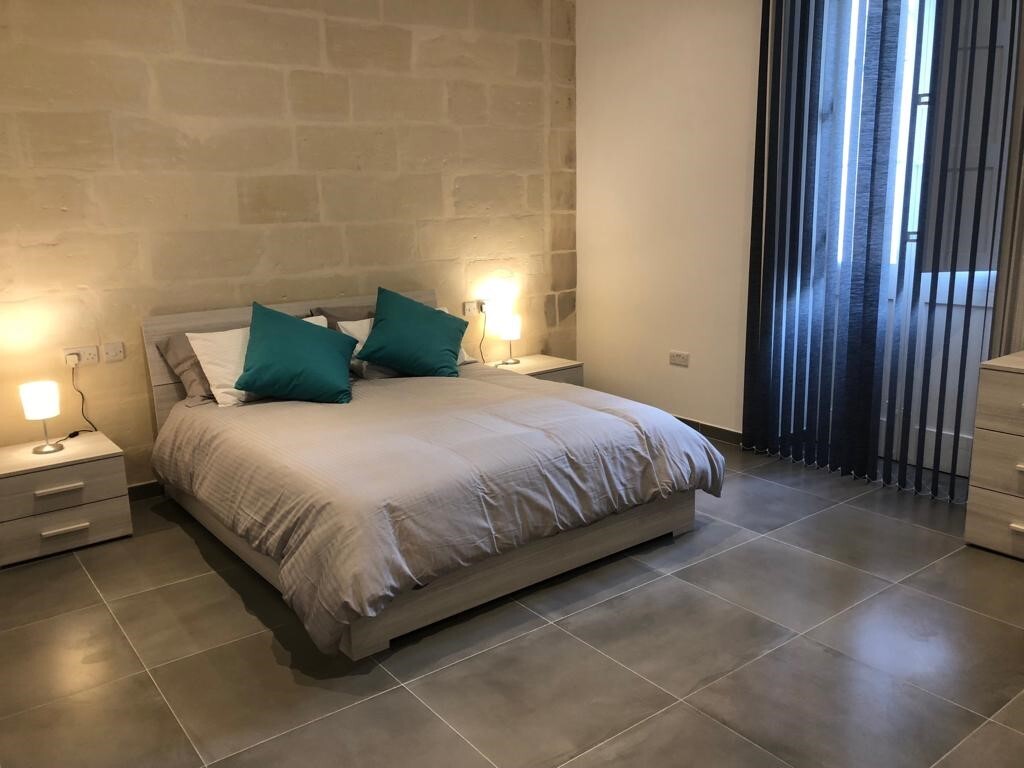 Sliema, Furnished Town House's Image 8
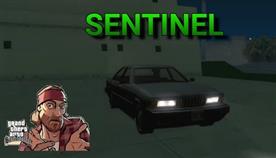   Sentinel    
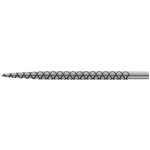 Target steel Diamond Pro, stříbrné 32 mm – Zboží Mobilmania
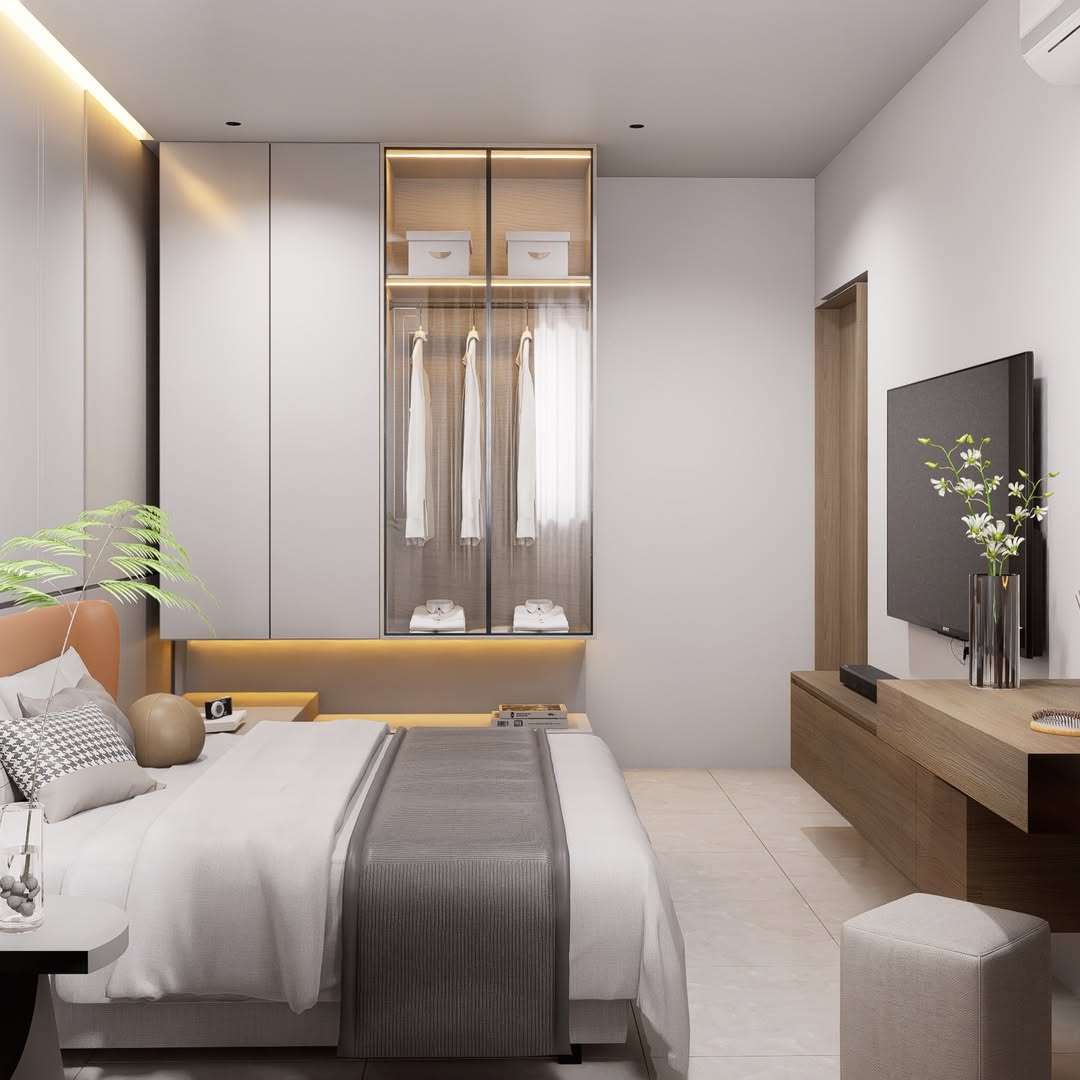 Salon and beauty studio interior design by Butterfly Interiors, Nairobi — view 13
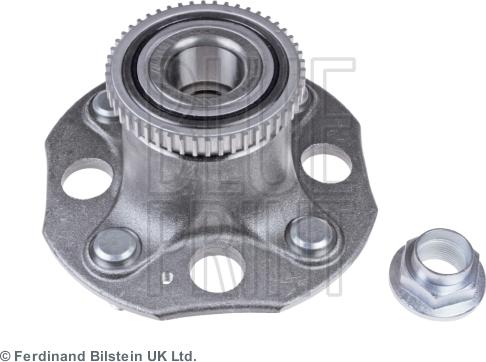 Blue Print ADH28328 - Wheel hub, bearing Kit autospares.lv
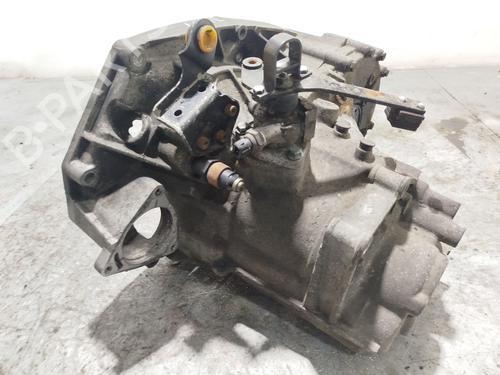 Boîte de vitesses VW TRANSPORTER T4 Bus (70B, 70C, 7DB, 7DK, 70J, 70K, 7DC, 7DJ) 2.5 TDI | BP29329829M3 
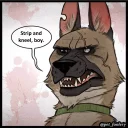 Video sticker 👕 Brutus pack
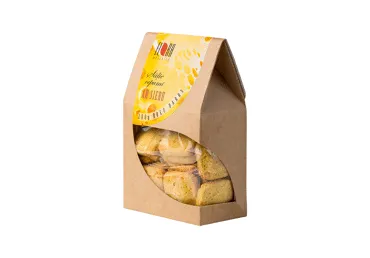 Sāļie cepumi ar sieru 200g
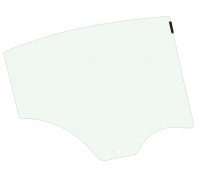 Alfa Romeo Giulietta 2010-2020 Боковое стекло заднее правое (опускное) 10400A SEKURIT (Франция)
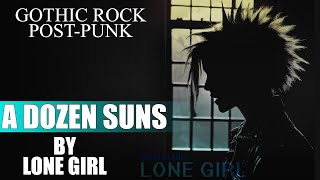 Royalty Free ROCK - A DOZEN SUNS - Download link in description - LONE GIRL / NOSTALGIC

— PROBLEM TO WORK ON —
Restate word for word the lines from the one containing "Alfa Romeo Giulietta" through the end of the material above, both included, and nothing besides; drop the pictures.

— REPLY —
 Alfa Romeo Giulietta 2010-2020 Боковое стекло заднее правое (опускное) 10400A SEKURIT (Франция)
 Royalty Free ROCK - A DOZEN SUNS - Download link in description - LONE GIRL / NOSTALGIC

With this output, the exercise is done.